UNA VACILANTE CLARIDAD
por Kurt Folch Maass
behind every beautiful thing,
there is some kind of pain
Bob Dylan
Hay una desproporción casi inexplicable —o al menos irónica— entre el escaso eco crítico que en 1963 recibió la publicación de La pieza oscura, y el efecto profundo y decisivo que este libro, el tercero de la producción poética de Enrique Lihn, ha venido causando desde entonces en el desarrollo de la poesía chilena. La obra —que incluye la mayoría de los poemas más antologados del autor— fue saludada con admiración por algunos lectores atentos (Pedro Lastra, Filebo, Alfonso Calderón, Ricardo Latcham y Hernán Loyola), pero, más allá de las menciones laudatorias de rigor y de un buen ensayo de Cedomil Goic, la crítica del momento no acusó recibo de la real magnitud de la propuesta de Lihn.
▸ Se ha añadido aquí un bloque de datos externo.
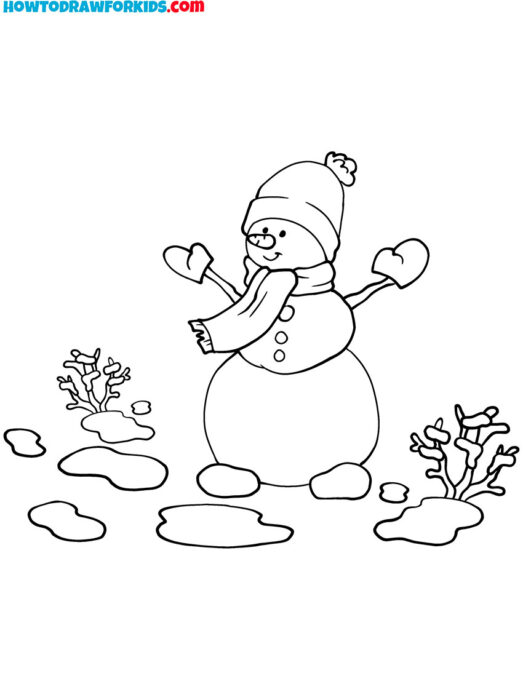 Snowman Coloring Sheet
Era una época que agonizaba y un poeta debía irse con cuidado (irse «con pie de plomo», diría el propio Lihn). Gabriela Mistral había fallecido hacía poco, Pablo Neruda, Pablo de Rokha y Nicanor Parra dominaban el panorama nacional, y fuera de nuestras fronteras, Ezra Pound, T. S. Eliot, W. H. Auden. André Breton y un amplio etcétera de poetas, narradores, artistas y teóricos seguían en plena vigencia. Tal vez la confusión crítica que marcó la primera recepción de La pieza oscura se debió a ese telón de voces y discusiones que demoraron la justa valoración del lenguaje y de los conceptos que Lihn ponía sobre el tapete. Para una crítica que aún no comenzaba o terminaba de apañárselas con Parra o de Rokha, entre otros, resultó más fácil, entonces, adscribir estos poemas a la antipoesía. No supieron qué hacer con una poesía de por sí reacia a las clasificaciones y menos comprometida que cualquiera otra con catecismos morales o heroísmos políticos: la voz incómoda de un individuo incómodo.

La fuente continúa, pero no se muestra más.